By Tanya Livarda (BA/ MA in TESOL, Delta (M3), (CELTA)

Know thyself was one of the phrases that could be found at the entrance to Apollo’s temple at Delphi in Greece. According to Plato, Socrates was the one who had made reference to it multiple times. Socrates puts it in a sense that if you know who you are, then you know your strengths, weaknesses and your limits. Plato viewed it as a way to understand abstract ideas such as justice, love, God, respect (see the Allegory of the Cave). However, since then, lots of people are trying to getting to know themselves and actually they find this to be rather difficult.
Now, imagine our students! In a continuously developing society, where your picture is worth a billions of times than your thoughts or ideas, where everyone can find everything in seconds, where everyone judges and feels judged, I think that we can easily lose ourselves.

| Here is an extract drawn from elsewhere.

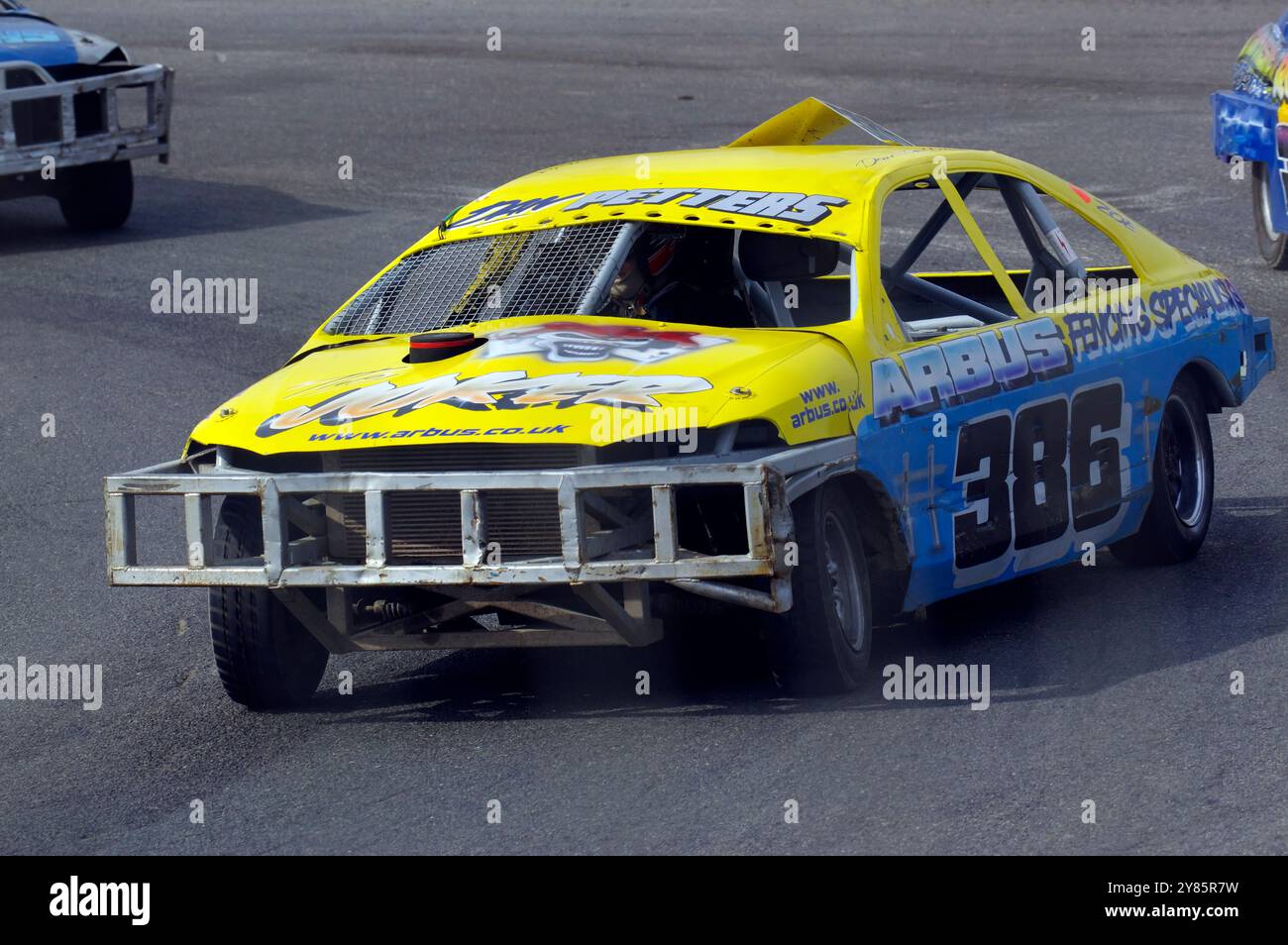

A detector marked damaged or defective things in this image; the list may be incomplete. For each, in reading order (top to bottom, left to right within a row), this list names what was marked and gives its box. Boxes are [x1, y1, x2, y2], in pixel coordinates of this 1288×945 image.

damaged hood [190, 315, 856, 456]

After the first quarantine in 2020, I noticed that the most important thing that I wanted to do for my students and myself is to cultivate empathy. Empathy is the ability to identify and deeply understand the other’s thoughts and feelings. It is a form of compassion. It is necessary in order to cope with difficulties, to establish true relationships.
What can we do?
- Start by creating a kindness wall. If you teach face-to-face classes, then you can take a cardboard and let your students stick a kind note/thought/feeling. If you teach online classes, then you might find Google Jamboard useful. You can do that once a week, a month or whenever you feel that your students need it.
- Start your day with today I feel. Let your students identify their emotions and justify these to you, if they want. The first step is to identify your emotions. The next step is to embrace them, understand them and find ways to cope with the stronger ones. If your students don’t want to share these (and that’s ok and totally acceptable) then they can keep a journal.

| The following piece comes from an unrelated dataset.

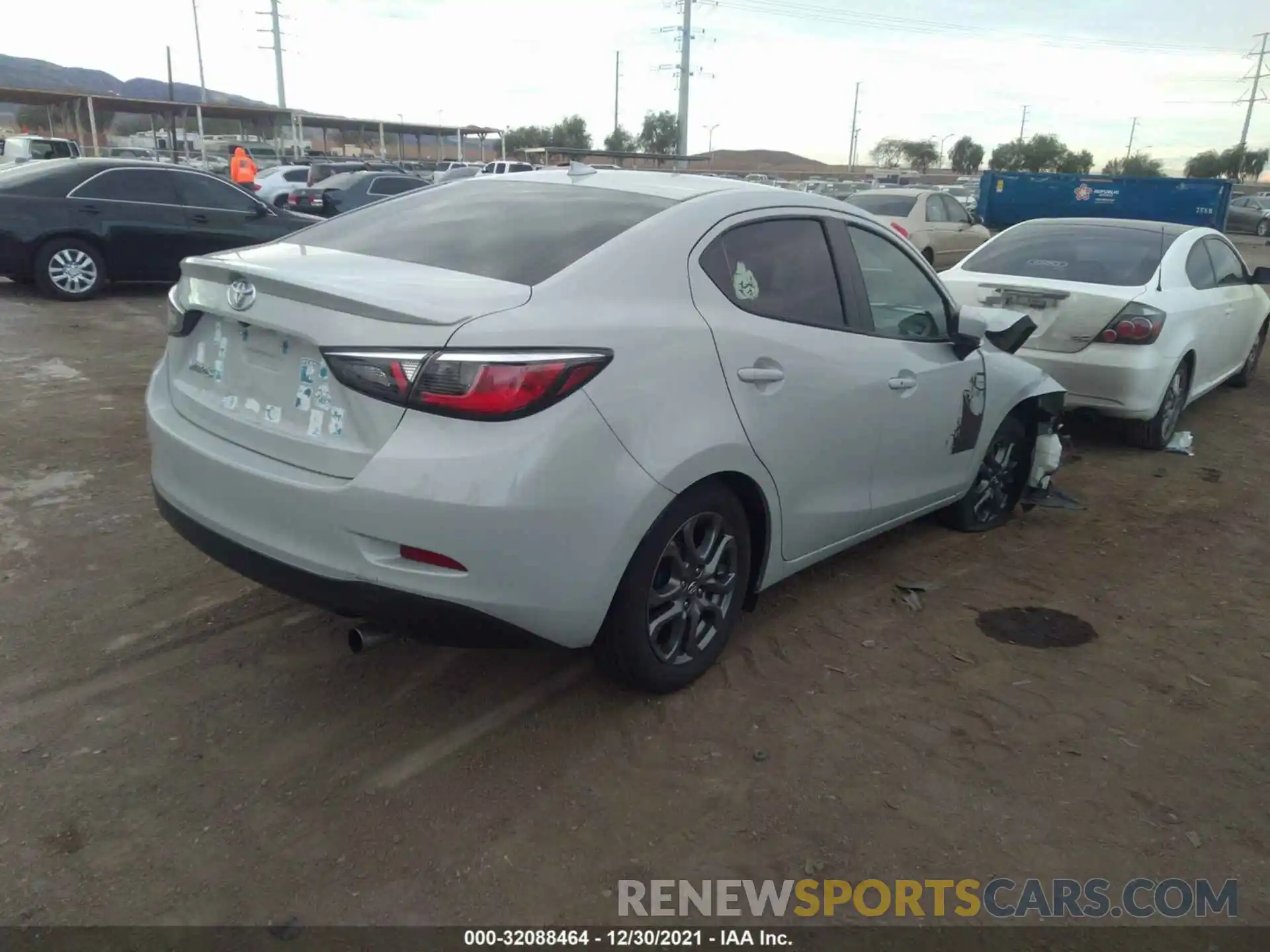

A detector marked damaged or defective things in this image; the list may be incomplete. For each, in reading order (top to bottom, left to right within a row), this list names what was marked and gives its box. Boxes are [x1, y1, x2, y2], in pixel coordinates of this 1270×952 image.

damaged front wheel [942, 415, 1032, 532]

- Use books or graded readers that enable students to think how the hero feels, why the hero reacted in this way and let them think how they would have reacted.
- Teach them to wait – the power of ‘yet’ (You can watch the relevant amazing TED talk video). Let them write phrases which end with ‘yet’ or ‘not yet’. For example, I cannot talk about it yet.

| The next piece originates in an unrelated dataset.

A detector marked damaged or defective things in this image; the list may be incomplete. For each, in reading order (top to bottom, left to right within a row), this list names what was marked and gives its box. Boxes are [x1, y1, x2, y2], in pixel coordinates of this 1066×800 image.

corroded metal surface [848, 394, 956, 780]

- Organise international days. You can connect with a teacher from another country and create amazing lessons. Let your students interact with their peers around the world. It is better when you see that you are not alone to this.
- Breathing exercises.
- Role-play games.
- Guess emotions.
It is evident that empathy is not an easy life skill. However, I feel that especially in this time and age it is the most important skill that we can build and develop. Not only for our students but for ourselves as well. It is the first step to know ourselves because in this way we will be able to identify and truly understand the other people’s thoughts and ideas and meaningfully communicate.